29 ↗(On Diff #38813)

What about SingleObjectNew? Currently this checker does not reason about malloced pointers, because it does not distinguish the case where the malloc is used to allocate an array and where it is used to allocate a single object. I was planning to do this classification based on some heuristics on AST matching.

88 ↗(On Diff #38813)

I will change that, thanks.

137 ↗(On Diff #38813)

I will rewrite it without recursion and check the results but I suspect that you are right.

150 ↗(On Diff #38813)

I will enumerate the rest of the kinds here.

198 ↗(On Diff #38813)

Sure, I will try to come up with something.

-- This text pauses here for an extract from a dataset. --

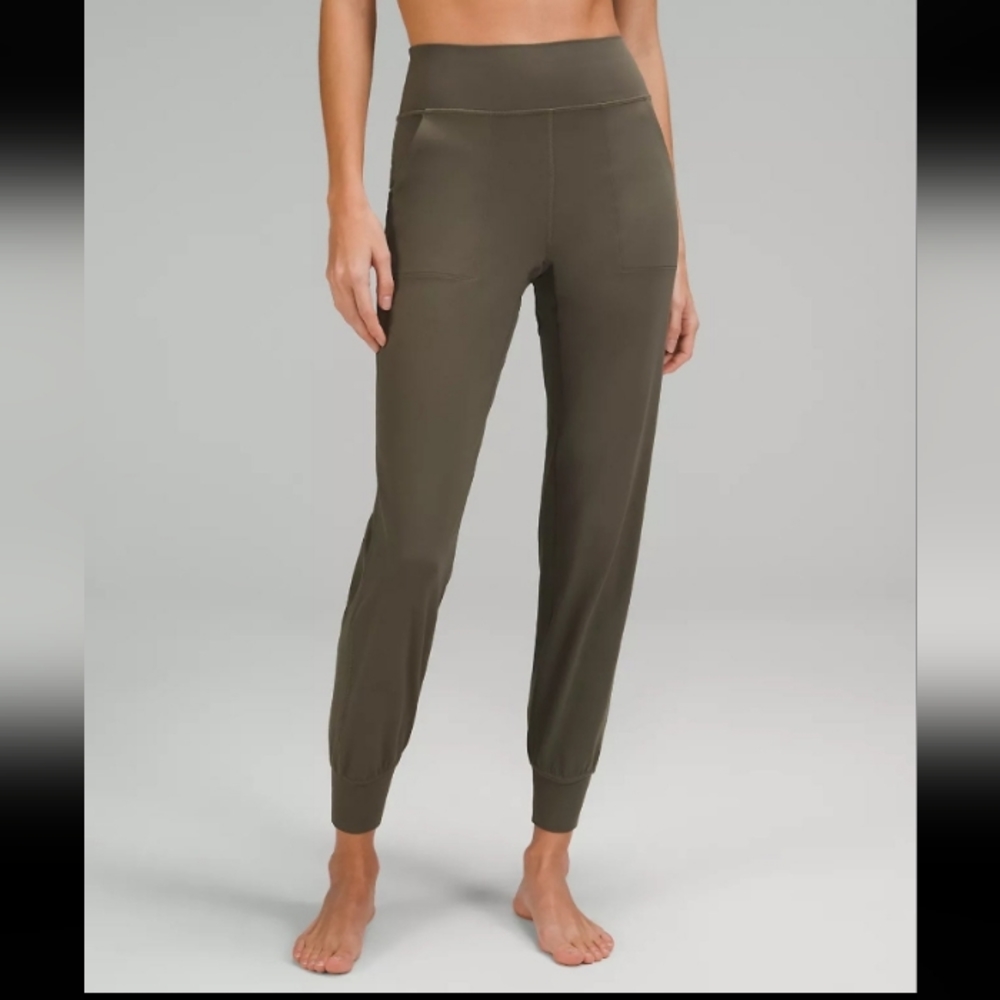 Lululemon 6 Align High Rise Full Length Joggers Green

xazax.hun updated this revision to Diff 41022.Nov 24 2015, 4:20 AM
xazax.hun edited edge metadata.
xazax.hun marked 11 inline comments as done.
  • Fixed some of the review comments.
  • Updated to latest trunk.
xazax.hun added inline comments.Nov 24 2015, 4:23 AM
lib/StaticAnalyzer/Checkers/PointerArithChecker.cpp
28 ↗(On Diff #41022)

In case, there is a pointer to the stack allocated variable, nothing will be stored in the GDM.
The result of a new is a symbolic region, but there are other ways to get a symbolic region, e.g. a pointer as an argument to a top level function. In order to distinguish these cases I think I need to store something to the GDM. But I will think a bit more, whether there is a way to reduce the GDM usage.

150 ↗(On Diff #38813)

I checked and there are more kinds than what I think is worth enumerating.

dcoughlin accepted this revision.Feb 22 2016, 9:30 AM
dcoughlin edited edge metadata.

Other than a suggested diagnostic rewording to consider, looks good to me. Thanks Gábor!

lib/StaticAnalyzer/Checkers/PointerArithChecker.cpp
198 ↗(On Diff #41022)

Here is a suggestion to reword: "Pointer arithmetic on non-array variables relies on memory layout, which is dangerous."

This revision is now accepted and ready to land.Feb 22 2016, 9:30 AM
This revision was automatically updated to reflect the committed changes.